Factors to consider in assessing the
reasonableness of a non-compete provision include “the nature and character of the
employment, the time for which the restriction is imposed, and the territorial extent of the
locality to which the prohibition extends.”
Davies, 298 N.W.2d at 131 (quotation
omitted).
Plaintiffs argue that the geographical boundary, which essentially covers the entire
United States, is unreasonable because it would inhibit Riddle’s ability to earn a
livelihood. See Jim W. Miller Constr., Inc. v. Schaefer, 298 N.W.2d 455, 458 (Minn.
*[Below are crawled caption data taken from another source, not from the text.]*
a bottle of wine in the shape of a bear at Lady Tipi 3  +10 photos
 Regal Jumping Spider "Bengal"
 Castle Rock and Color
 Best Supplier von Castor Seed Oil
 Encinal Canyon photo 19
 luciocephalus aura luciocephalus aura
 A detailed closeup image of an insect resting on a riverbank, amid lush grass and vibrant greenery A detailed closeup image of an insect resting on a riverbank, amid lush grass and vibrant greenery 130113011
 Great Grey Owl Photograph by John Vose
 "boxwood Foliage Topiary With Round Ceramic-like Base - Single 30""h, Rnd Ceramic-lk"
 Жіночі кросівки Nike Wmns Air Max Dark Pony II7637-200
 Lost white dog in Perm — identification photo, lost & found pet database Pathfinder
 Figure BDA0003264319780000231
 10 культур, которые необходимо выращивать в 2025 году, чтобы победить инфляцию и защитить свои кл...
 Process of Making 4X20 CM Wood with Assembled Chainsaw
1980) (stating that enforcement of non-compete provisions is disfavored because it
“restricts the covenantor’s right to work and his ability to earn a livelihood”). However,
a national boundary may be reasonable given the national nature of Geckobyte’s
business. See W. Publ’g Corp. v. Stanley, No. 03-cv-5832, 2004 WL 73590, at *10 (D.
Minn. Jan. 7, 2004) (Tunheim, J.) (concluding that no geographic limitation was
reasonable given the national and international nature of an internet business). There is
no evidence that Riddle’s work was restricted to a particular region or territory. On this
record, the Court cannot conclude that the geographical boundary is unreasonable.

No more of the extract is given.